A response content table reference unit that refers to a response content table in which a plurality of response contents and a plurality of words associated with each of the plurality of response contents are registered;
A phrase score table reference unit that refers to a phrase score table in which a plurality of phrases and scores associated with each of the plurality of phrases are registered;
A query receiving unit for receiving a query input by a user;
A phrase extraction unit that extracts a plurality of phrases from the query received by the query reception unit;
Using the first search algorithm, for each of the plurality of response contents registered in the response content table, out of a plurality of words extracted by the word / phrase extraction unit, scores of a plurality of words / phrases included in the response content are calculated.
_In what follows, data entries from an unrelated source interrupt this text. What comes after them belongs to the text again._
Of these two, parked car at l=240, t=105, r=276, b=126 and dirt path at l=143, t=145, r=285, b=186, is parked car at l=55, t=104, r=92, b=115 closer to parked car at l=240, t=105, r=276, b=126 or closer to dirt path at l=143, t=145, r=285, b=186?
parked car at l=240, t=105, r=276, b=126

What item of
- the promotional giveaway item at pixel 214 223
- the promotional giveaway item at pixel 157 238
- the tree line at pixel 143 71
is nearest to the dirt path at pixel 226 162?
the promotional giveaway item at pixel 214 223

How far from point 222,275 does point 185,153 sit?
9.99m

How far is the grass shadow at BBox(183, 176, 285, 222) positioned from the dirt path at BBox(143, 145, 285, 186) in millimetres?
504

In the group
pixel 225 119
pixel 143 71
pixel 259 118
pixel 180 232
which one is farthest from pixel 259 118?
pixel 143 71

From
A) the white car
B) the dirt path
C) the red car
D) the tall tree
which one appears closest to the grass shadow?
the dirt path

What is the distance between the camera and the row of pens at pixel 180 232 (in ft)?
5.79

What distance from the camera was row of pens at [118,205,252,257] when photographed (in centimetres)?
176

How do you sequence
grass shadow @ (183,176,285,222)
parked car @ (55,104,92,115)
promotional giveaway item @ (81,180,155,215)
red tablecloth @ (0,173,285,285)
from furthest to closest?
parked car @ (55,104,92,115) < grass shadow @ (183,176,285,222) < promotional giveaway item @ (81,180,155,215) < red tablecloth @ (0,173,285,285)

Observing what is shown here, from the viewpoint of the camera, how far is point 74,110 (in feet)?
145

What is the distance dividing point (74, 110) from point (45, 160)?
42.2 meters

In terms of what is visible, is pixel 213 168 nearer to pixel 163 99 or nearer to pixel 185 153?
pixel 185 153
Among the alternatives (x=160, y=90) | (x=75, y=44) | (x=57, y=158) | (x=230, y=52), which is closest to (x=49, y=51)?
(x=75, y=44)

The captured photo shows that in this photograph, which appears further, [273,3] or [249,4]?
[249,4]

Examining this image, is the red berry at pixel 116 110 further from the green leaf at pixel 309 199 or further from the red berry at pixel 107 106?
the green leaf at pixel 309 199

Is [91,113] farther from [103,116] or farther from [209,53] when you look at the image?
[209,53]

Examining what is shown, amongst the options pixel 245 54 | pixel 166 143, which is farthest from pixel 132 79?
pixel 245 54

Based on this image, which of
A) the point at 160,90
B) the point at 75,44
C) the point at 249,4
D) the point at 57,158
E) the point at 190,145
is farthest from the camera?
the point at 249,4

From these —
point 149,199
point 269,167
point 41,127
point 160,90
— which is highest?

A first score calculation unit that calculates a first score for the query of the response content by acquiring from the phrase score table and multiplying or adding;
A first score acquisition unit that acquires the first score calculated by the first score calculation unit for each of a plurality of response contents searched using the first search algorithm;
Using a second search algorithm different from the first search algorithm, for each of the plurality of response contents registered in the response content table, among the plurality of phrases extracted by the phrase extraction unit, the response contents and By calculating and adding scores of a plurality of phrases included in a plurality of phrases associated with the response content by at least one of a TF (Term Frequency) method and an IDF method, the response content with respect to the query A second score calculation unit for calculating a second score, wherein a plurality of words extracted by the word extraction unit are included in the response content or a plurality of words associated with the response content Depends on the weight and the response content among the plurality of words extracted by the word extraction unit and the response content A second score calculating unit that calculates the second score based on weighting for the number of types of phrases included in the plurality of phrases,
A second score acquisition unit that acquires the second score calculated by the second score calculation unit for each of a plurality of response contents searched using the second search algorithm;
A response content determination unit that determines response content to the query based on the plurality of first scores acquired by the first score acquisition unit and the plurality of second scores acquired by the second score acquisition unit; The first score of each of the plurality of response contents is normalized and normalized by a first addition value obtained by adding the first scores of the plurality of response contents searched using the first search algorithm. Each of the plurality of response contents searched using the second search algorithm is multiplied by the number of the plurality of response contents searched using the first search algorithm to the plurality of first scores. The second score of each of the plurality of response contents is normalized by a second addition value obtained by adding the second score, and the second search algorithm is obtained for the normalized second scores. A plurality of first scores obtained by multiplying the number of the plurality of response contents searched using a rhythm and applying a reliability set in advance for the first search algorithm, and the second search algorithm A response content determination unit that determines response content to the query based on a plurality of second scores to which a predetermined reliability is applied;
An information search device comprising: a response content output unit that outputs the response content determined by the response content determination unit.